Weihnachten als Begegnungsinitiative Gottes
"Immanuel" – so nennt der Evangelist Matthäus den, der da geboren werden soll: Jesus. Und er zeigt mit der mitgelieferten Übersetzung dieses Beinamens zugleich die Programmatik dieses Kindes an: "Gott mit uns" (Matthäusevangelium, 1. Kapitel, Vers 23). Jesu Auftrag lautet, Beziehung zu stiften zwischen Gott und Menschen, Begegnung zwischen Himmel und Erde.

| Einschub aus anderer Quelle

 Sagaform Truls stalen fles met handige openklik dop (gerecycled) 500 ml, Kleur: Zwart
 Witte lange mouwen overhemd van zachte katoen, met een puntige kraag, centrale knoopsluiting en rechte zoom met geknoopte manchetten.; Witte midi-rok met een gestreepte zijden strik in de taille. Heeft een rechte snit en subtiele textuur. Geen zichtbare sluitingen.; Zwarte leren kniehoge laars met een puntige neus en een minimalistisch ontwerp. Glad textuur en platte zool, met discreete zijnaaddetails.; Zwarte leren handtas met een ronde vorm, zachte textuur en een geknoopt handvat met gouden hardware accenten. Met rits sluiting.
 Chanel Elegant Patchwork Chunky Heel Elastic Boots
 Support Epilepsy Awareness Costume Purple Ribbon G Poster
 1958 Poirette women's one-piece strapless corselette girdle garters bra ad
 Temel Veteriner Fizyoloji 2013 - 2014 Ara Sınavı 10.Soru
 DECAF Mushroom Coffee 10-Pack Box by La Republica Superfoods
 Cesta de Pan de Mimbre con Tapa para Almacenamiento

Es ist kein Zufall, dass Matthäus seinen Bericht über das Leben und Wirken Jesu auch mit dieser Programmatik beschließt: "Ich bin bei euch alle Tage bis ans Ende der Welt" (Matthäus 28,20), sagt Jesus kurz vor seiner Himmelfahrt. Ich bin da, auch wenn ihr mich nicht seht und spürt.
In Jesus erneuert sich das Versprechen des israelitischen Gottes: "Ich-bin-der-ich-bin-da" (vgl. Buch Exodus, Kapitel 3, Vers 14). Das ist kein bloßes Abkupfern eines alten, ausgedienten Slogans, sondern das Halten dieses Versprechens, personale Erfüllung. In den vielen Begegnungen Jesu mit Randständigen der Gesellschaft bekommt Gottes Versprechen Hand und Fuß. In Jesus erfahren die Menschen leibhaftig einen Gott, der mitgeht und begleitet, der konfrontiert und herausfordert, der sogar mitleidet, mit aushält, mit stirbt. Ein Gott auf Tuchfühlung.
Dieses Auf-Tuchfühlung-Gehen Gottes verbinden sowohl Matthäus als auch sein Kollege Lukas mit der Weihnachtsgeschichte. Bei beiden wimmeln die Geschichten rund um die Geburt Jesu nur so vor Begegnungen. Im Matthäusevangelium begegnet dreimal ein Engel dem Josef im Traum; die Sterndeuter treffen auf König Herodes und kurze Zeit später auf Jesus und Maria. Im Lukasevangelium begegnet der Engel dem alten Priester Zacharias und kurze Zeit später Maria; eine ganze Schar von Engeln erscheint schließlich einer Gruppe von Hirten auf freiem Felde. Bevor Johannes und Jesus das Licht der Welt erblicken, begegnen sich die beiden schwangeren Mütter, Elisabeth und Maria, und auf diese Weise vorgeburtlich auch Johannes und Jesus. Nach der Geburt Jesu treffen die Hirten auf die Heilige Familie und die Heilige Familie schließlich auf Simeon und Hanna im Tempel. Wo man nur hinsieht: Begegnungen!